JOHN “SNOOKS” KELLEY FOUNDERS AWARD: Named after the famed Boston College coach, this award honors those people in the coaching profession who have contributed to the overall growth and development of the sport of ice hockey in the United States.

2004 Winner: Dick Johnson, Roseau, Minnesota

From nominator Dean Blais of North Dakota: “A youth coach for 40 years, Dick Johnson must be the winningest PeeWee Coach ever! He has been the volunteer PeeWee A coach in Roseau, Minnesota, for over 40 years. During this time period, he has coached and developed players that have gone on to star in college and the NHL. He is referred to by many of those players as the best coach they have ever played for. He is the perfect fit for the John Snooks Kelly Award.”

TERRY FLANAGAN AWARD: Named in honor of the former UNH player and Bowling Green Assistant, this award honors an assistant coach’s career body of work.

2004 Winner: Tom Newton, Western Michigan, Michigan State

Tom Newton is in his 13th season with the Michigan State hockey program and his 22nd overall in collegiate coaching. He came to Michigan State after serving as an associate head coach (1988-90) at Western Michigan. Prior to being elevated to the associate position at WMU, Newton served as an assistant for the Broncos from 1982-85.

The Uxbridge, ON, native earned his first college head coaching job at Kent State in 1981 and promptly led the Golden Flashes to a respectable 12-17-1 record as a Division I independent during the 1981-82 season. Newton was an assistant coach for Team USA in the North American College Hockey Championship in 1999. In 1995, he served as an assistant coach for Team West at the Shriners East-West College All-Star Hockey Classic in Minneapolis.
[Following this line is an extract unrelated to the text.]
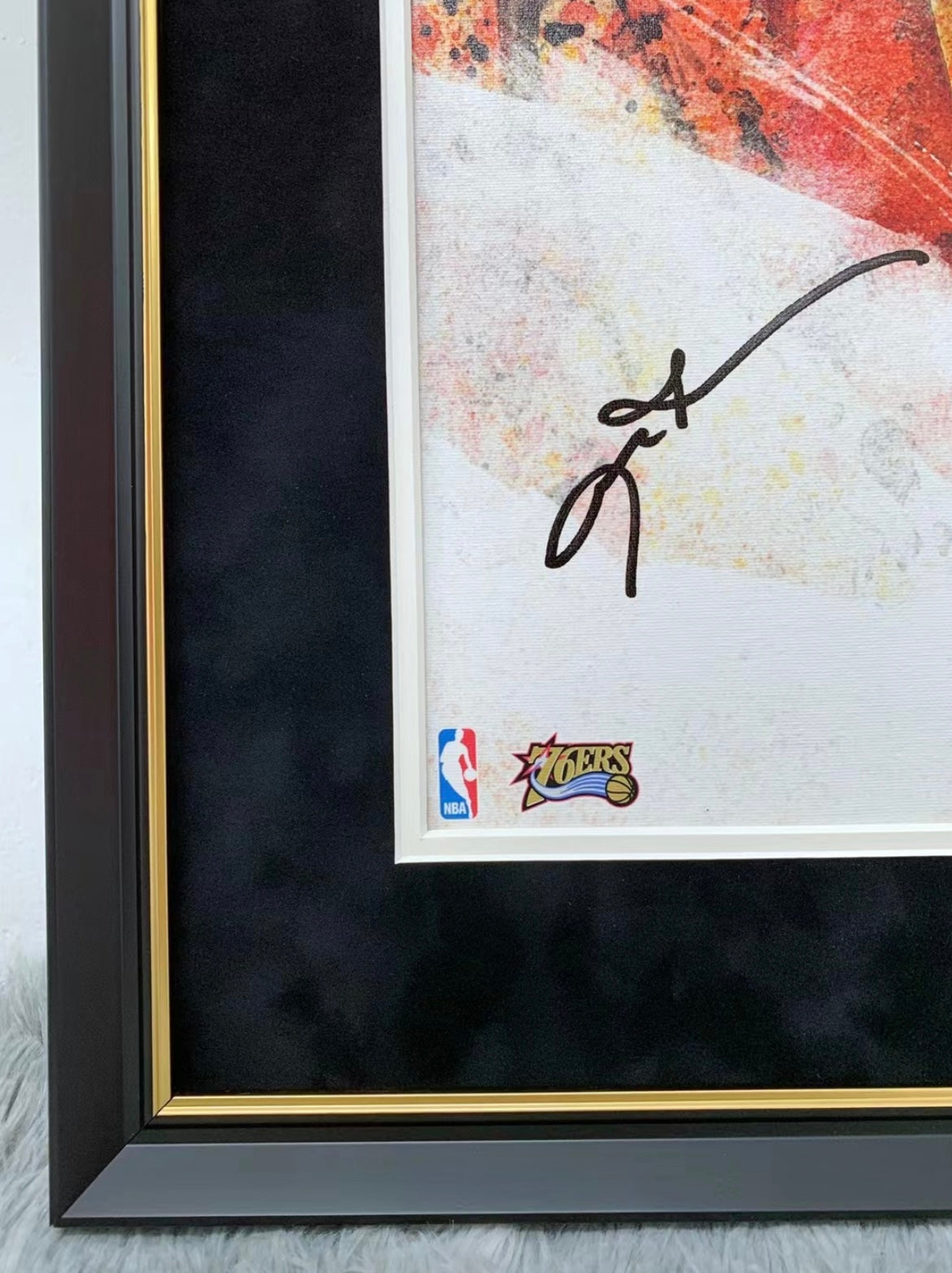 Philadelphia 76ers Allen Iverson Poster with Personalized Custom Design Framed 000017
Newton holds a bachelor of science degree in physical education and health from Bowling Green University (1980) and earned his master of education degree from BSGU one year later. He served as the Falcons‚ graduate assistant coach in 1980-81 and also handled BGSU‚s club coaching duties.
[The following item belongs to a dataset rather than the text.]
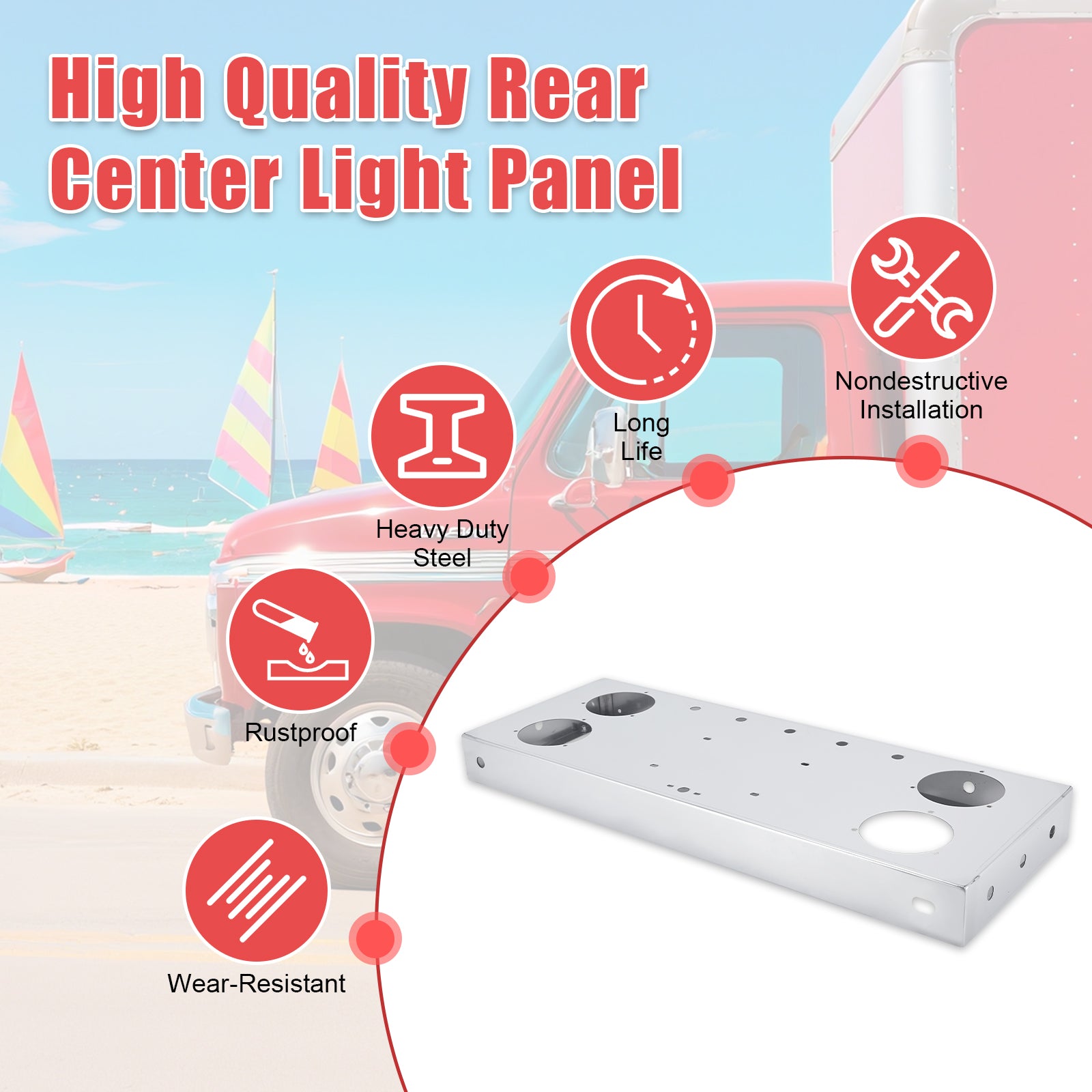 34" Chrome Stainless Rear Light Panel – 4 Large Corner Lights + Mini LED Holes (PR-9009SS)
A four-year letter-winner and two-year captain for the Falcons, Newton registered 140 points during his career (1975-80). Newton skated for three CCHA regular season and two playoff championship teams for then-BGSU coach Ron Mason. Newton led the Brown and Orange to the NCAA Tournament appearances in 1978 and 1979. He holds the BGSU records for scoring back-to-back goals in the shortest time span (nine seconds) as well as scoring three goals in the shortest time span (4:39).

Newton served on the Board of Governors of the American Hockey Coaches Association as college hockey’s Assistant Coaches Representative from 1998-2001. Born June 15, 1956, Newton and his wife, Eve, have two children: a son, Ted, and a daughter, Emma.
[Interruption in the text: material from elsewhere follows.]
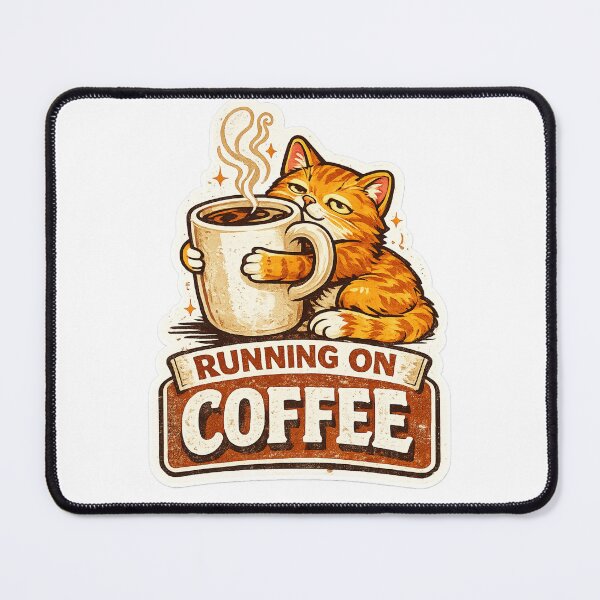 Item preview, Running On Coffee Cat – Funny Coffee Lover Design designed and sold by Dada-arts.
JOE BURKE AWARD: Joe Burke typifies the fan and quiet contributor to girls’ and women’s ice hockey across the country. This award, given in his name, is presented to individuals who have contributed to the girls’ and women’s game in a special way.

2004 Winner: George Crowe, Dartmouth College

George Crowe carved out a unique college coaching career over a 30-year span, winning 134 games with the Oswego and Dartmouth men (1966-1984), and another 196 games with the Dartmouth women (1986-98). He currently ranks eighth overall on the women’s win list nationally.

His impact on girls’ and women’s hockey goes beyond his Dartmouth success as he is generally credited with being one of the first people to begin an all girls hockey school, the Elite Hockey Training Center for Girls, which was founded in 1988.

Over the past 15 years, approximately 3000+ girls have gone through the camps. As founder and Executive Director, George still remains involved in the camps today. Many of these players have played on almost every Division I hockey team as well as a number that have played for the US National Teams.

He has received the prestigious Sheaffer Pen Award for lifetime contributions to New England amateur hockey (2001) and captured numerous Coach of the Year awards at virtually every stop on his coaching trail. His Dartmouth men made two Frozen Four Appearances (1979 and 1980) and his Dartmouth women won four Ivy League titles (’91, ’93, ’95, ’98.)